6) Make sure camera does not change position while shooting
7) load up in Photoshop
8) after processing raws put all of them in one layer and blend to your liking

alternatively,
a) shoot one shot in raw, process it twice (+1 and -1 stops) and blend.
b) find something better to shoot lol
c) get b&w film, with its 15-stop DR confirm can expose both moon and bkgnd correctly

glhf :bsmilie:
 

#9
dundee said:
1) get a decent tripod
2) shoot at base iso (for canon this is 200, not sure abt the D50), f8-16
3) set to RAW
4) mount camera on tripod
5) shoot 5 pics with 1-stop seperation eg: 5/10/20/40/80 with f16 with the 2nd and 4th shots exposing correctly for surroundings and moon respectively.
6) Make sure camera does not change position while shooting
7) load up in Photoshop
8) after processing raws put all of them in one layer and blend to your liking

alternatively,
a) shoot one shot in raw, process it twice (+1 and -1 stops) and blend.
b) find something better to shoot lol
c) get b&w film, with its 15-stop DR confirm can expose both moon and bkgnd correctly

glhf :bsmilie:
wow this mean lots of time. :eek: Which means that the moon's position will be out by the time you finish bracketing.:eek: DSLR have long processing time for long exposure and low light noise reduction.
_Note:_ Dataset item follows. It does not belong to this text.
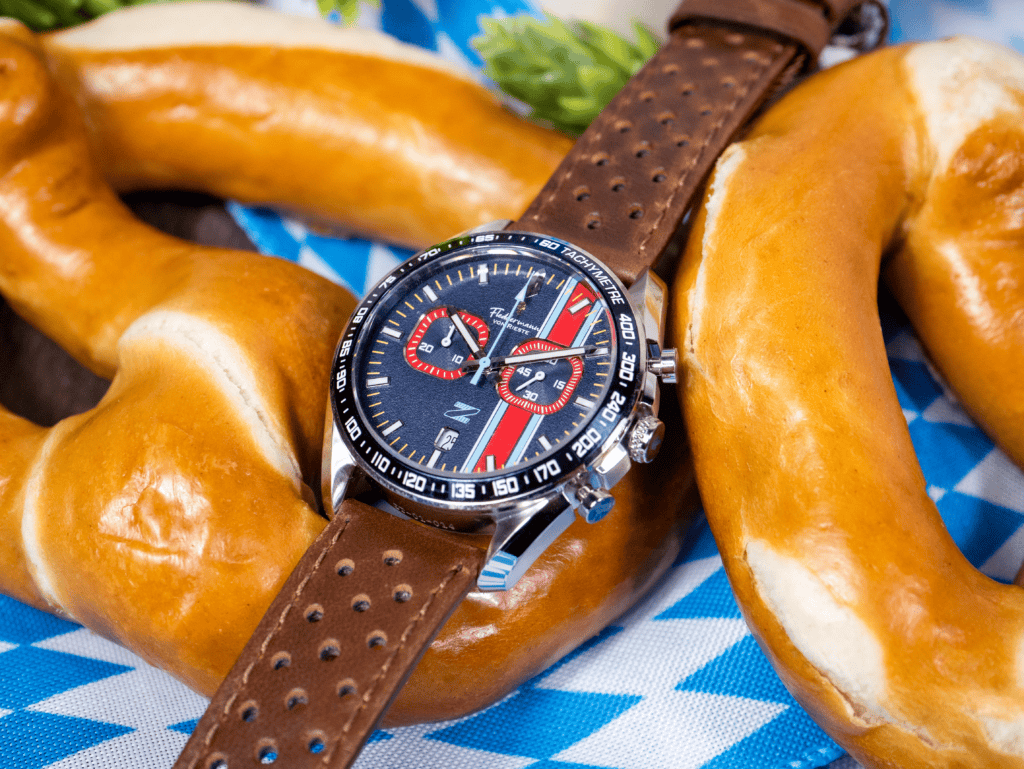 Zeitfahren chronograph, Apex Blue dial, American chronograph watch, American-assembled, assembled in Indiana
My best advise, switch to spot metering, meter for the moon, keep f stop to at least f8 or smaller eg. f/22. The rest is up to your luck as digital is far less tolerant than film in this instance.:sweat:
 

#10
tommon said:
wow this mean lots of time. :eek: Which means that the moon's position will be out by the time you finish bracketing.:eek: DSLR have long processing time for long exposure and low light noise reduction. My best advise, switch to spot metering, meter for the moon, keep f stop to at least f8 or smaller eg. f/22. The rest is up to your luck as digital is far less tolerant than film in this instance.:sweat:
hehe, did the spot metering one and i got a nice shot of the moon. but at 200mm, the moon is still kind off small.

Is there anything that i can get as an attachment to magnify my shot rather than paying for a longer range lens?